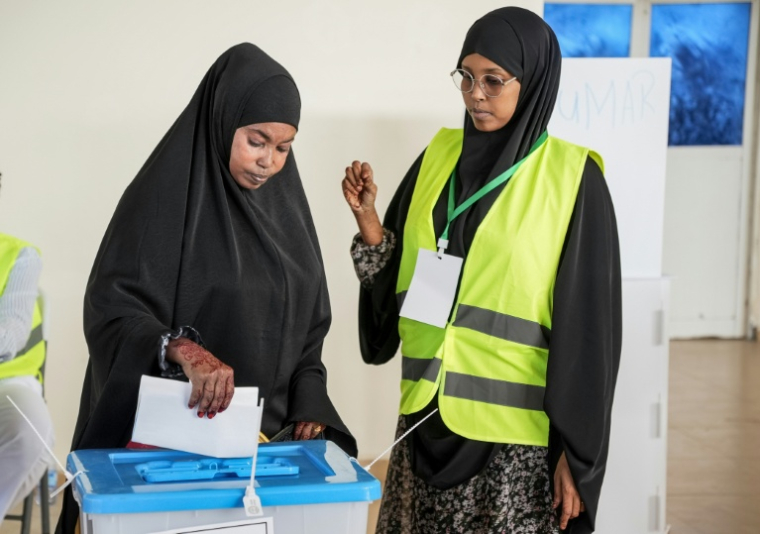 Une électrice vote lors des élections locales à Mogadiscio, en Somalie, le 25 décembre 2025 ( AFP / Hassan Ali ELMI )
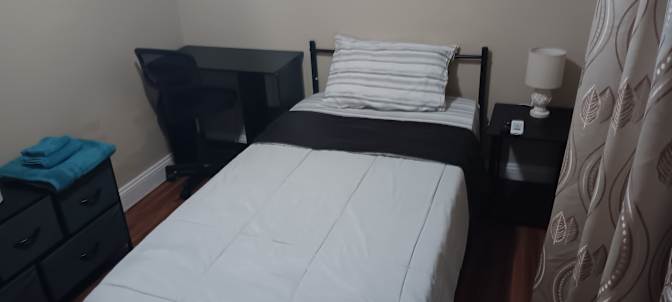 Erik's room
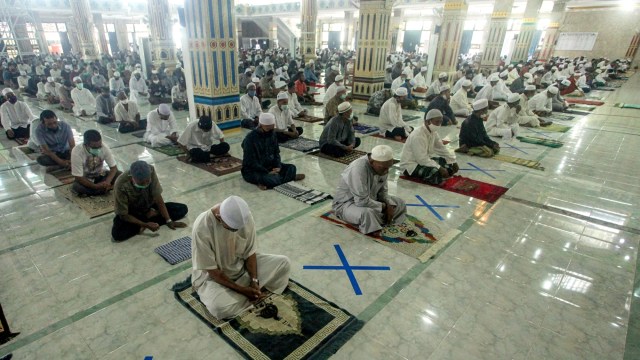 Umat Islam mendengarkan khutbah shalat Jumat di Masjid Nurul Islam, Palangkaraya, Kalimantan Tengah, Jumat (29/5/2020). Foto: ANTARA FOTO/Makna Zaezar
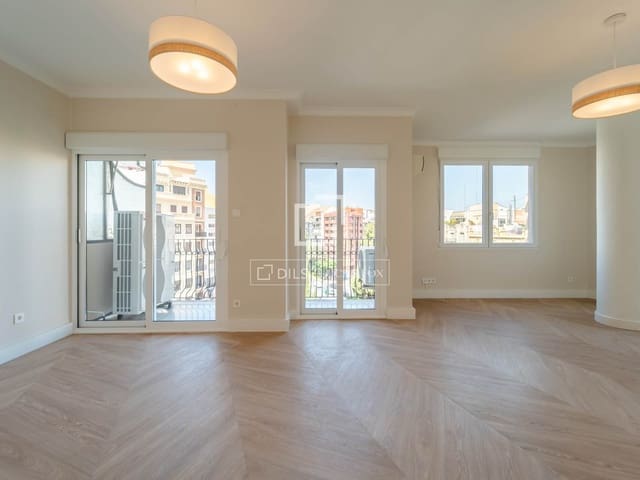 5 quarto Apartamento para arrendar em Valência cidade - 3 200 € (Ref: 9912227)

Aim of the exercise »
Each line of the material goes into your copy unchanged, but no picture does.

Output for this task »
 Une électrice vote lors des élections locales à Mogadiscio, en Somalie, le 25 décembre 2025 ( AFP / Hassan Ali ELMI )
 Erik's room
 Umat Islam mendengarkan khutbah shalat Jumat di Masjid Nurul Islam, Palangkaraya, Kalimantan Tengah, Jumat (29/5/2020). Foto: ANTARA FOTO/Makna Zaezar
 5 quarto Apartamento para arrendar em Valência cidade - 3 200 € (Ref: 9912227)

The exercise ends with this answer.